Careful, he says, backing me away. Close up, his face is ash, his skin shivering and dotted with black specks. The bird is gone.

Nearly buried us both, he says, trying to make a joke of it.

Don’t, I say, Don’t ever leave me again.

I make him promise that he won’t.

~

Joseph knows all the birds; some by name and some by call. He says Father Peter gave him a book when he was in hospital, full of pictures. I ask him what he was there for.

Broke a wing, he says, Couldn’t fly for a bit.

Mainly, he says, he learns by watching: from the tower, stalking the fen like a hunter, lying near the reed-beds, listening. I tell him about me, how I was called one thing,
then another, and another.

A bird can have lots of names too, and with a knowing smile, And more than one colour. Doesn’t alter what they are, doesn’t stop ’em flying. They don’t care what other
people call ’em.

He shows me a feather, golden brown. When I ask him where it’s from, he gives a slow cry, animal sounding, nearly pain.

That’s from a boomer, he says, turning the feather in the sunlight, A bittern, too, it’s called. They say the sound’s bad luck.

I’ve never heard it, I say, superstitious now.

Maybe you won’t, he says, They’re like us, they keep away from the world – trailing the feather along my arm.

Getting hot now, he says, leaning back to stare up through the trees, Take that shawl off, won’t you?

Joseph’s stories are about priests and bells and babies at the font. He talks all the time, of towers and earthquakes, hiding and secrets. Undoing the laces on my
dress.

Look, he says, catching a strand of my hair and holding it up to the light, Them above us would want it for the angels. I can tell him anything; talking comes easy now. I confess to Mr
Stadnik’s dye, now long grown out, about how my hair is Telltale. Joseph gives me a dark look.

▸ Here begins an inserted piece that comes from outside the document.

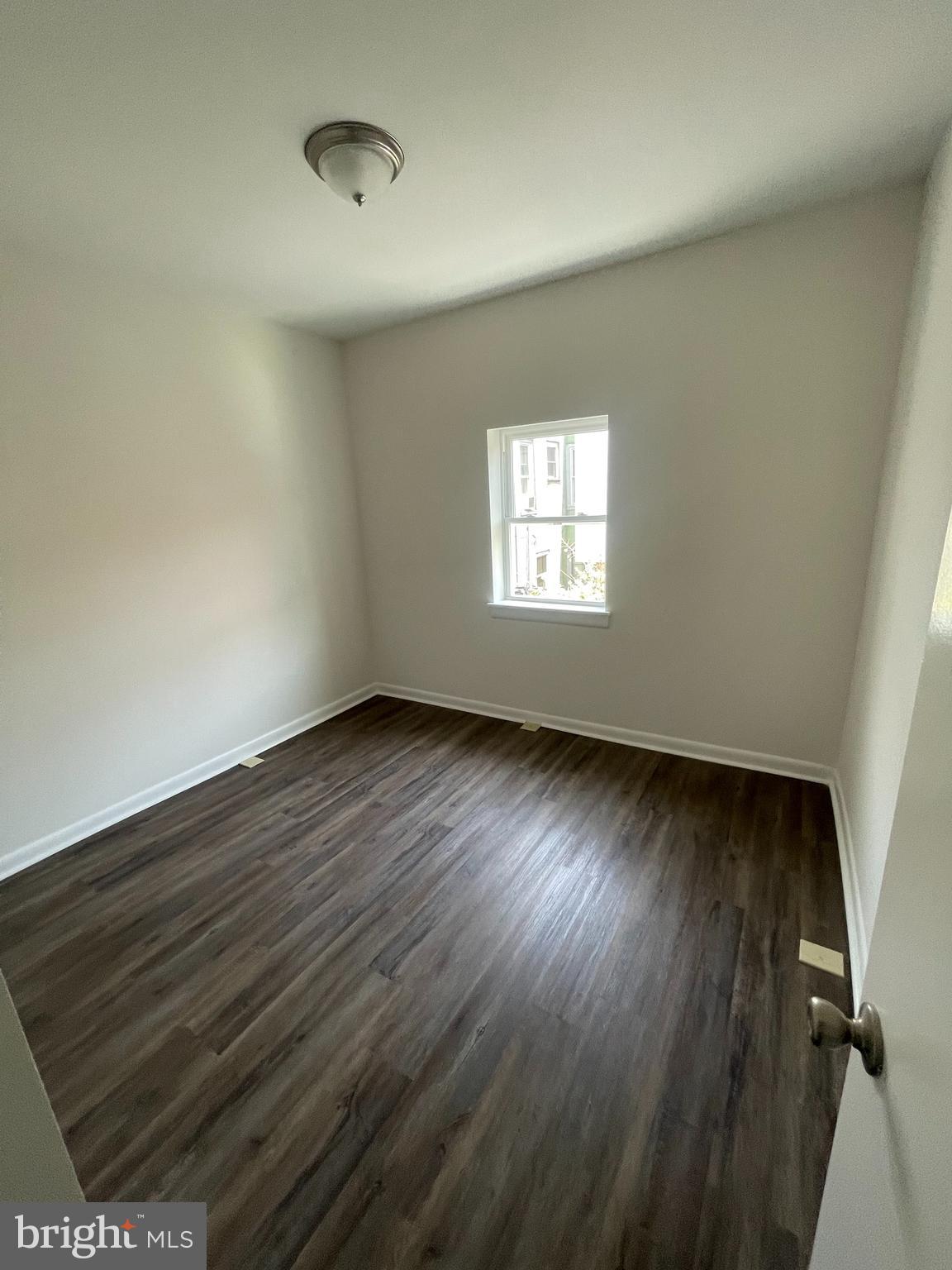 GIRARD ESTATES - Residential Lease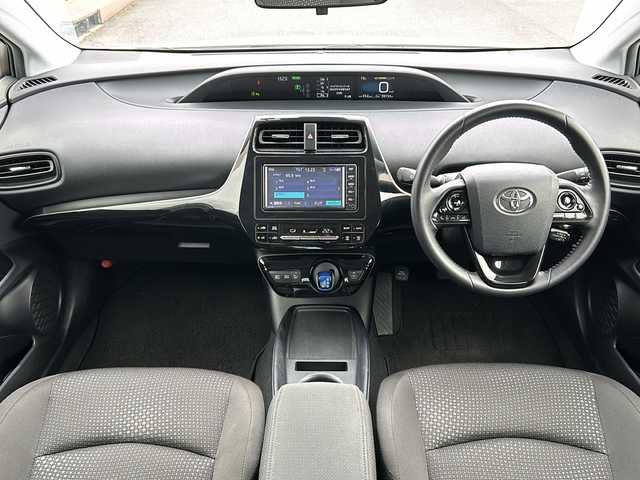 トヨタ プリウス S 福島県 2020(令2)年 6万km スーパーホワイトⅡ 純正SDナビ　バックカメラ　BT　ビルドインETC　レーダークルーズコントロール　トヨタセーフティセンス　Pスタート　スマートキー　スペアキー　オートライト　オートハイビーム　オートエアコン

My mother always say there’s no mistaking a Dodd, he scratches at the birthmark under his chin, We got our stamp, and you, Beauty – tangling my hair between his fingers – You
got yours.

The birthmark under his chin is perfectly smooth. Between the talking and the stories, is bliss.

We must have a plan, he says, laying me down into the moss; and we do plan, afterwards, telling each other that we’ll run away. We’ll run away, we’ll do it tomorrow, to the end
of the world.

Through the summer, and on through the year; into green, then russet, the brown stings of bracken, until the sky is ice blue through the naked trees above our heads. We lie down on the earth,
and when it’s too cold, we lie on sacking. The year turns itself over, another summer comes. We promise each other, every day, we’ll run away tomorrow.

 
stones

Sometimes talking’s like being behind glass, the words can be hard to fathom. I couldn’t tell with Carol whether I was near or far in my talking. I took out my
plastic bag with the face on it, and showed her the angel hair inside it. She pulled a face.

Ur. It looks very . . . musty, she said.

She didn’t want to touch it, I could tell. I put the bag away again. It wasn’t helping.

Why not make a list, she said, You know, of all the things you’ve lost.

Got stolen, I said, not liking her now.

All the things you’ve got stolen, she said, And then you could show it to the police.

She went away to get a piece of paper and a pen. I sat in the cubicle; I was thinking about the bag in my pocket when I heard them laughing, her and the other girl called Debs,
and in the gap in the curtain Debs was waving her hand in front of her and bending double. Her face was still very pink.

A woman arrived with a heap of dresses to try on. Carol showed her into the other changing room and pulled the curtain on her. I could feel the heat of the woman as she squeezed herself into the
clothes, zipping and breathing, her body smell leaking through the gaps, over the partition, filling my air. I’m glad I didn’t smell like that.

When Carol came back, she didn’t have any paper in her hand, or a pen; she had a hat. Two hats.